# Have I correctly specified my model in lmer?

I have scoured lots of help sites and am still confused about how to specify more complicated nested terms in a mixed model as well. I am also confused as the use of : and / and | in specifying interactions and nesting with random factors using lmer() in the lme4 package in R.

For the purpose of this question, let's assume I have accurately portrayed my data with this standard statistical model: $$Y_{ijk} = u + \text{station}_i + \text{tow}_{j(i)} + \text{day}_k + (\text{station}\times \text{day})_{ik} + (\text{tow}\times\text{day})_{j(i)k}$$ station is fixed, tow and day are random. Tow is (implicitly) nested within station.

In other words, I'm hoping that my model includes Station(i,fixed), Tow(j,random,implicitly nested within Station), Day(k,random), and interaction between Tow and Day, and the interaction between Day and Station. I have consulted with a statistician to create my model and at this time believe it to be representative of my data, but will also add in a description of my data for those who are interested at the bottom of my post so as not to clutter.

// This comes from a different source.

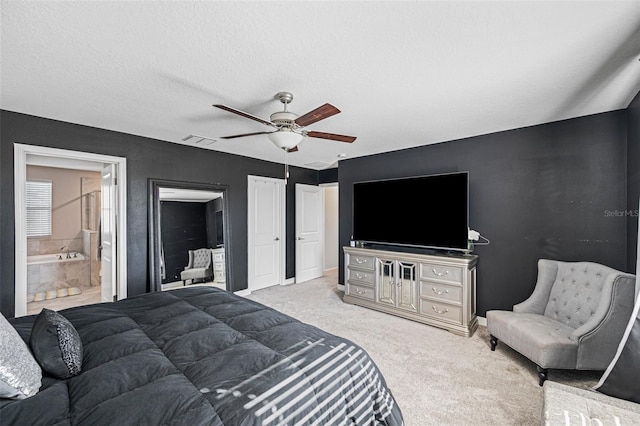 carpeted bedroom with a textured ceiling, connected bathroom, and ceiling fan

So far what I've been able to piece together is the following in lmer:

lmer(y ~ station + (1|station:tow) + (1|Day) + (1|station:day) + (1|tow:day),
data=my.data)


Does this accurately depict my statistical model? Any suggestions for how to improve my code if it does not read correctly?

I've bolded the specific terms I'm having difficulty specifying in my lmer formula

#1. tow nested within station when tow is random and station is fixed
I'm confused, however about differentiating between nested and interaction terms that are random using : and / . In my above example, I have (1|station:tow) in which I'm hoping reads tow nested within station. I've read conflicting comments on various sites whether or not I should be using : or / here within the random (1|...) format of lmer.

#2. The interaction between station and day when station is fixed and day is random
I then have (1|station:day) but this time I'm hoping it reads the interaction between station and day. It seems like I could use station*day to account for the individual effects of station and day as well as their interaction (rather than including each of the three terms separately as I do above), but I don't see how to specify this when one is fixed and the other is random. Would station*(1|day) do that?

#3. The interaction between tow and day (both random) when tow is nested in station (fixed) Then lastly, I have (1|tow:day) which I'm hoping reads the interaction of tow and day, but I'm wondering if I need to specify again that tow is nested (implicitly) in station?

I am new to both R and lmer and statistical modeling and greatly appreciate the trouble of thorough explanations in any responses to my questions if possible.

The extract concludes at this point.